To explain the meaning of eschatological future, it is helpful to resort to an example. Thus, in the example of the seed that is planted and begins to germinate, we can distinguish two types of future -- the future before germination, and the future after germination. The days required before the seed germinates would be its simple historical future, while the time after germination is its eschatological future. The latter is not on the same level as the historical future; it is a new time dimension -- the start of a new life. Similarly, the eschatological future as a theological category is a time that transcends historical time, but it should not be called supra-historical, since there is evolutionary continuity between the historical and the eschatological futures, just as there is continuity between the seed and the plant. Furthermore, the eschatological future is not outside the historical but is somehow immanent in the historical, just as the life of the plant is somehow inchoately present in the germinating seed.
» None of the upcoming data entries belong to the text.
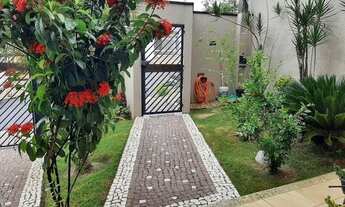 Imagem 2: Casa à venda com 3 dormitório(s), 4 vaga(s). Residencial Nova Era, Valinhos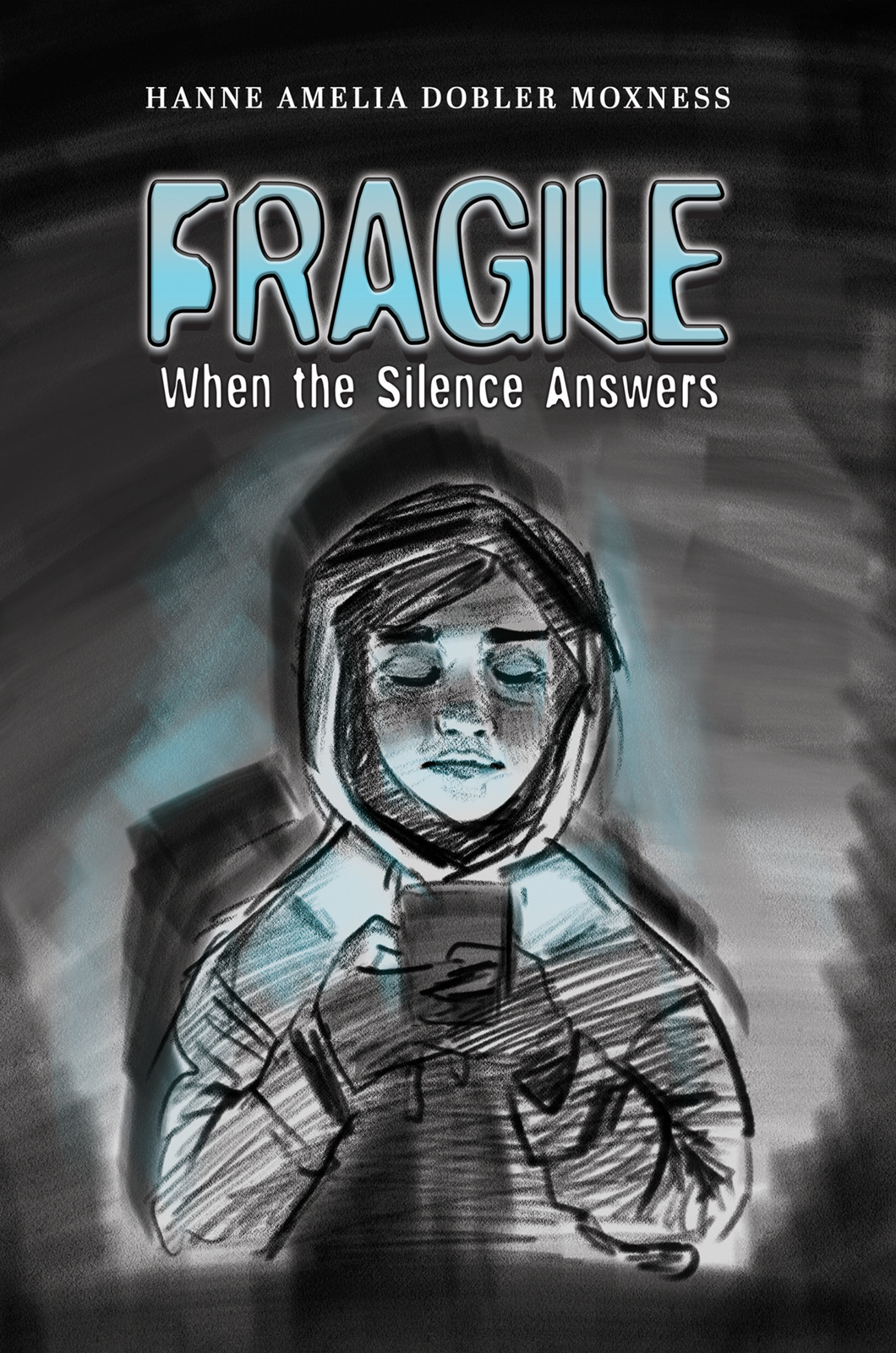 Cover of Fragile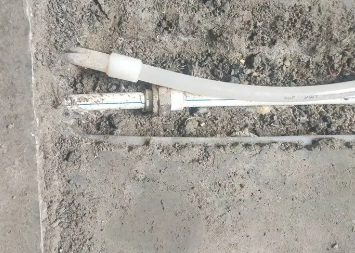 滨海新卫生间测漏水之解决方法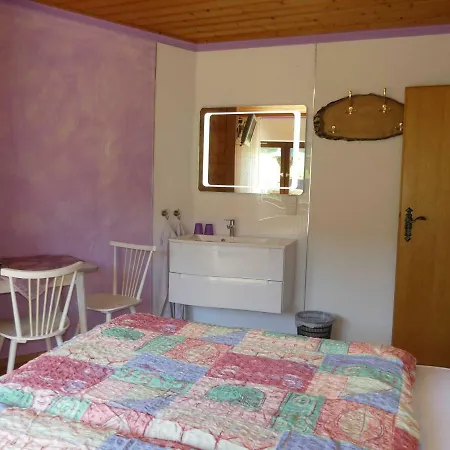 בית הארחה Holzerstube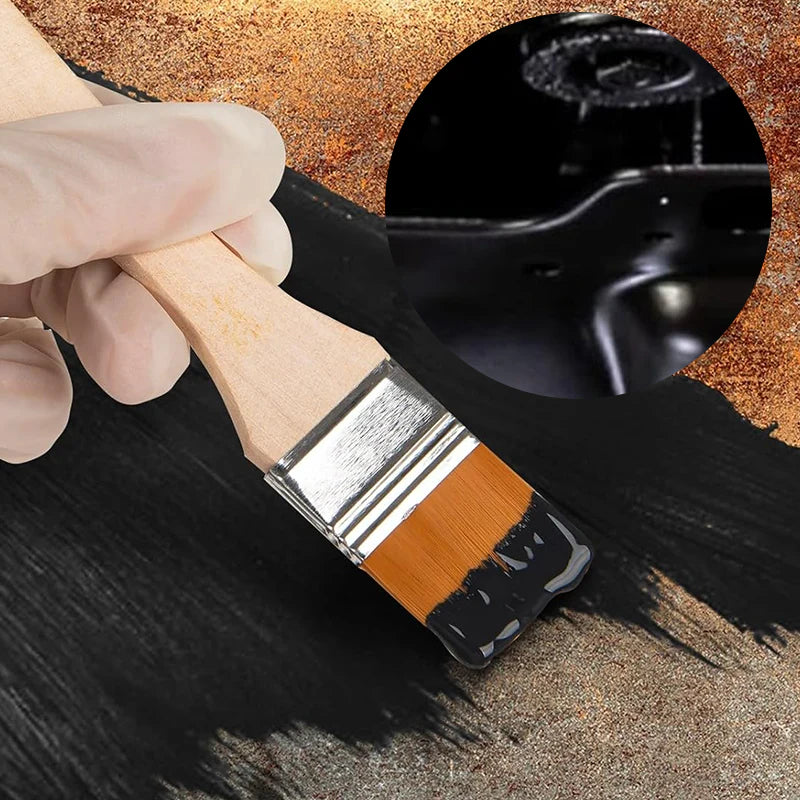 RustArmor – All-in-One Metal Restoration Paint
It is possible, then, through the evolutionary mode of thinking to secularize Christianity, as it were, by seeing the whole evolutionary process as already somehow participating in the eschatological Christian dimension, while at the same time preserving the transcendence of the Christian faith as precisely being the eschatological dimension of the process.11

An Outline of Process Thought12

At this point, it is necessary to introduce the reader to processive thinking so that he can follow our procedure of historicizing the subject matter of our study, namely, God and belief.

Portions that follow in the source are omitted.